Home | News | Documentation | Download

GetSeparation error in evaluation stage of training

Hello,
I’m training a BDT on some large nTuples and I have a stubborn error in the EvaluateAllMethods stage. It reads:
<GetSeparation> signal and background histograms have different or invalid dimensions
and I suspect it has something to do with the calculated RMS of a certain variable going to -nan in the table of variables (line 433 in the included log nohup.txt). This value seems to be reasonable in the other tables that TFHandler_BDT generates.
The separation on this variable isn’t great, but I would like to include it in the analysis if possible. Any idea what might be causing this error?

Thanks,
Gannon

Files:
Command log: nohup.txt (56.6 KB)
Macro: performAnalysis.py (4.9 KB)
(Let me know if you want to see the dependencies for the macro or the ntuples themselves. They’re fairly large so I’m not sure how to share them here.)

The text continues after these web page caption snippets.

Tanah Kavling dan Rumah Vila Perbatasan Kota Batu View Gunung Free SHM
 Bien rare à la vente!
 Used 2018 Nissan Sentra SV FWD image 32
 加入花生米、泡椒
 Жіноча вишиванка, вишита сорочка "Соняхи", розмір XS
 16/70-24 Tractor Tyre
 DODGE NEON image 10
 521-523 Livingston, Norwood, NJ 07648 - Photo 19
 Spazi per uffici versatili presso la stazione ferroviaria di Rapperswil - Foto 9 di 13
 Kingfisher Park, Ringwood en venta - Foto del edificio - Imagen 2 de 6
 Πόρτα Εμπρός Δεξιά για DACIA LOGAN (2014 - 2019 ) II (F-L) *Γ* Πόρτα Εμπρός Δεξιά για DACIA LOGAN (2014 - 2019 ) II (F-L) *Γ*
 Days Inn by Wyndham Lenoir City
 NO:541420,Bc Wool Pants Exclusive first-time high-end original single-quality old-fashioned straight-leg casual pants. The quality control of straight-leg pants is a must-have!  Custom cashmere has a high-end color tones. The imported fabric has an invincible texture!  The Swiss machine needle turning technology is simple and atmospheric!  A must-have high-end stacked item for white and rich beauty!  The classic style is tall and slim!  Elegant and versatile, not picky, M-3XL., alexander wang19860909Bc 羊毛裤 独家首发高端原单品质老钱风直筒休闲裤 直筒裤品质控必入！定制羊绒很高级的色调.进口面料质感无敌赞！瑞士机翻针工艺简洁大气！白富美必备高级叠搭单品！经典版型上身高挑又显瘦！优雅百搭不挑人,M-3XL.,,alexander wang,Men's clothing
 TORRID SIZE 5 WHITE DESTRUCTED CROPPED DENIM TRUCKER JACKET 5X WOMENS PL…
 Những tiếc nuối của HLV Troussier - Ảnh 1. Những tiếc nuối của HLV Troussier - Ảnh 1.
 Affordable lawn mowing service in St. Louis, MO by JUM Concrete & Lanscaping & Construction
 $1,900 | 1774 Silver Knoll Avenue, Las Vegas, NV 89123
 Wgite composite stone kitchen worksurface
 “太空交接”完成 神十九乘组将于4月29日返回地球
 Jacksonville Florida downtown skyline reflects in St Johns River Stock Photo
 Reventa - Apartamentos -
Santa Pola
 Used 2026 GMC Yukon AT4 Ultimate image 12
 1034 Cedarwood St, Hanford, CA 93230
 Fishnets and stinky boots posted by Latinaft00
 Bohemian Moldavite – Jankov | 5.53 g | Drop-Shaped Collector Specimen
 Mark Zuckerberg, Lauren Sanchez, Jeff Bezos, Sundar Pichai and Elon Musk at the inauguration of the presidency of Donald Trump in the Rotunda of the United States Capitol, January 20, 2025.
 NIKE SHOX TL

@jonas Is this something you can help with?

Hi, I’m not the TMVA expert here, just RooFit :slight_smile:
I think @moneta is the main expert here.

Hi,
I think this is caused by some BDT output values being a NaN for some events, so a check in Tools.cxx:152 fails and ends up in a FATAL.
I think the issue should be solved if one understand why you are getting NaN values. Are you sure all inputs are OK and not NaN.
I would need access to your input files to understand more about the problem

Lorenzo

Hi Lorenzo,
I’ve checked all the events and none of the inputs are NaN. I’m going to try running the BDT on the input tree in segments to see if I can find which event(s) lead to a NaN BDT output. If you want to take a look at the input files, I can share them. What’s the easiest way to transfer them?
Gannon

Hi,
You can share via cernbox for example. Please also share your C++ code running the BDT.

Cheers

Lorenzo

Hi,
Here’s a link to the files I was analyzing (WW as signal, ttbar as background.) I am using a set of python files instead of C++ to run the BDT, which I included. The performAnalysis.py file in run is what i actually run, while src contains middleware used to load the data files, declare variables etc.
Thanks,
Gannon